Player-specific stage two password
"Eh? No, I don't play pea-knuckle down the firehouse, not since that eel started comin' round. Told the other fellers he don't play fair."
"Oh, you're spadin' the deeps are ya now? Well, you'll be wanting this, then.
|You acquire an item: talking spade|
- Clicking on Grandpa's window used to yield the message:
- You approach the window to Grandpa's room, and hear snoring. Looks like Grandpa's taking a nap.
- "currents" will only be available after unlocking Intense Currents. Trying before will yield only one of the messages below.
- When asking about topics that Grandpa doesn't know anything about, you randomly get one of the following responses:
- "Quit mumbling! In my day we spoke clearly to our elders, not muttering all the time like a trout with a mouth full of marbles!"
- "Huh? When's Jell-o?"
- "I'll tell you one thing I've learned, whippersnapper: oatmeal will keep you regular, but it might give you diabeetus."
- "Beats me, kid. Pass me that jar of liniment, will ya?"
- "What? Marie died, you know!"
- "You're talking too loud, because I'm too old!"
- "Who? Never heard of him."
- "Hmm, well, I don't know anything about that, but it does recall to mind an extremely long and uninteresting story about the time me and Three-Time Ralph were playing hooky from school and... hey! Where are you going?"
- "What? You'll have to speak up, kid, I left my ear-horn on the bus."
- "I don't know nothing about that, so there's nothing worth knowing about it."
- According to Jick, anything that you unlock persists across all ascensions, except for adventuring zone unlocks, such as The Mer-Kin Outpost.
- Asking the Grandpa for "stage two" is mentioned in the result of the stage one of the Deck of Every Card spades puzzle.
- The fish with a scar on his head in the "wizardfish" story is a reference to the Harry Potter series, with Grandpa's role in his story spoofing that of Draco Malfoy.
- The "eel" story references the song "That's Amore". The phrase, "that's a moray" is a play on the song's title and the eel's name, Pizza Pie, comes directly from the lyrics.
- The first paragraph in the "diver" story references The Little Mermaid with some of the dialogue taken from the lyrics to "Under The Sea".
- Divers hanging around with creepy little girls in the "diver" story is a reference to BioShock, as is the mention of objectivist propaganda; the society of Rapture and the initial antagonist of the game drew heavily on objectivism.
- The diving belle story references an old spooky story about a widower who decides to dig up the grave of his dead wife to take back the golden prosthetic arm he gave her as a wedding present. He is then haunted until he meets a ghostly demise. Don't steal from the dead, kids.
- The "mine" story about finding gems underground and handing them to a supervisor references the Louis Sachar novel Holes. The part about old ladies dropping the gems over the sides of boats refers to the movie Titanic.

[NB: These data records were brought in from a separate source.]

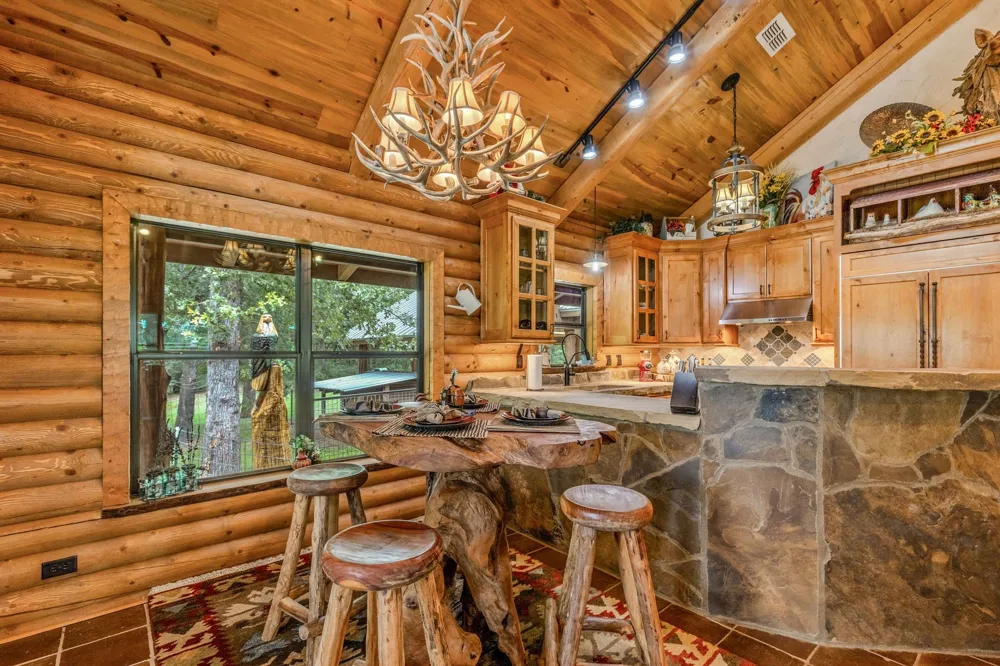 609 County Road 2421 Como, TX 75431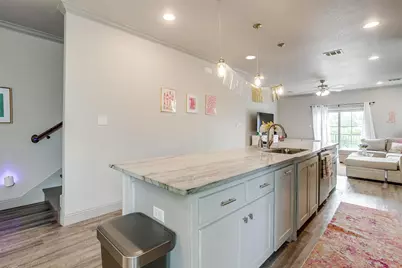 2537 McCart Avenue #2537, Fort Worth, TX 76110 - Photo 10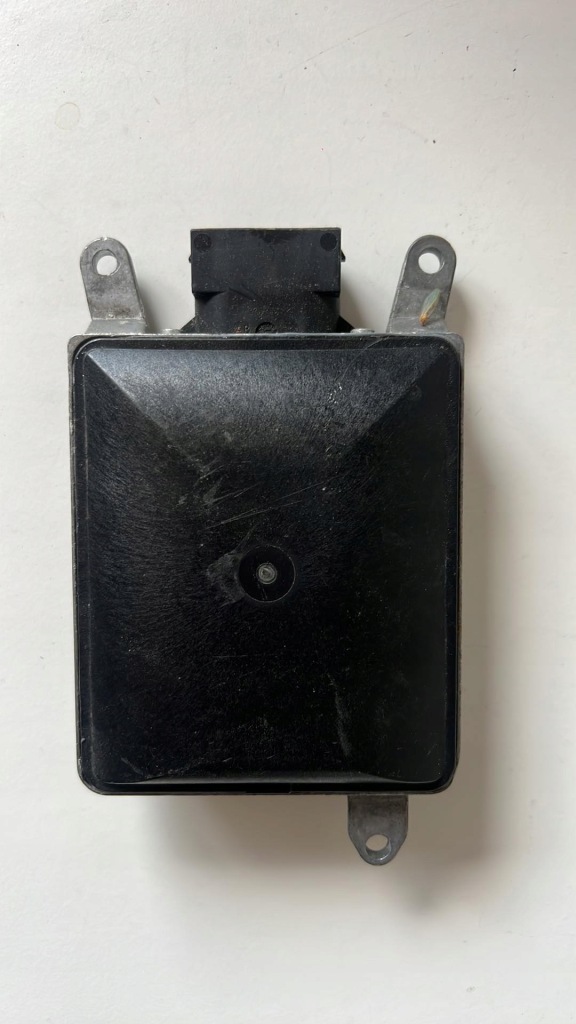 фото №2, Audi a5 8t радар ассистент переключения поперечина 8t0907568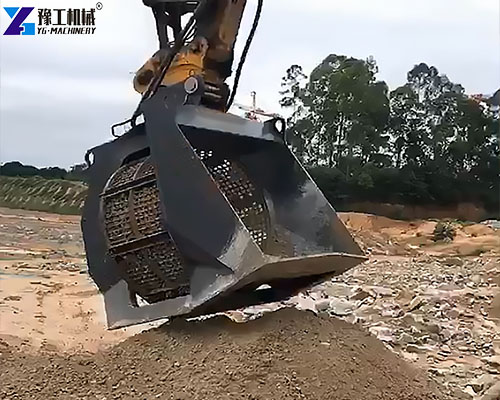 mini excavator screening bucket working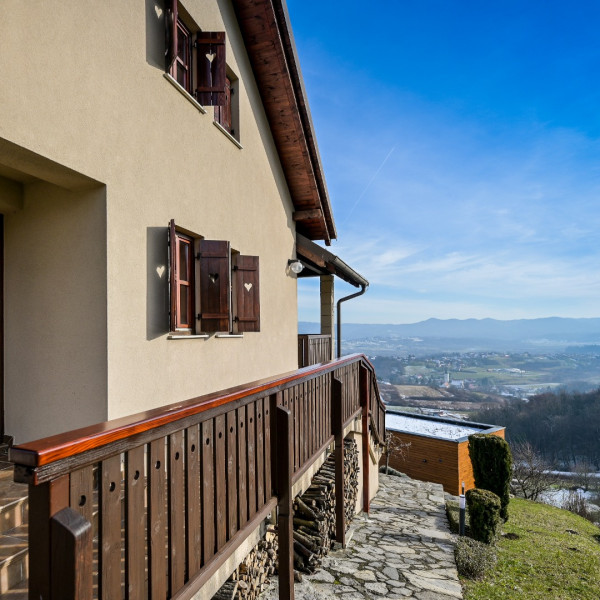 "Relax with view" Holiday House, Relax with View - Holiday House with sauna and jacuzzi, Remetinec, Croatia Novi Marof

- Mumbletypeg Fred is most likely a lampoon of former President George W. Bush, who was known for his Southern drawl and for whom the subject of being a "merkin" ('merican) and labeling people as "terrace" (terrorists) were commonplace.
- "What? Marie died, you know!" and "Huh? When's Jell-o?" are references to a series of jokes about an elderly character in the Mystery Science Theater 3000 episode "The Deadly Mantis."
- The message about oatmeal and "diabeetus" refers to Wilford Brimley, an actor arguably best known for his commercials for Quaker Oatmeal. More recently, he has done commercials for a company that provides equipment for regulating diabetes, which he pronounces like "diabeetus."
- "You're talking too loud, because I'm too old!" is a reference to a phrase about music: "If it's too loud, you're too old."
- "...I left my ear-horn on the bus" is a reference to MC Frontalot's song "This Old Man."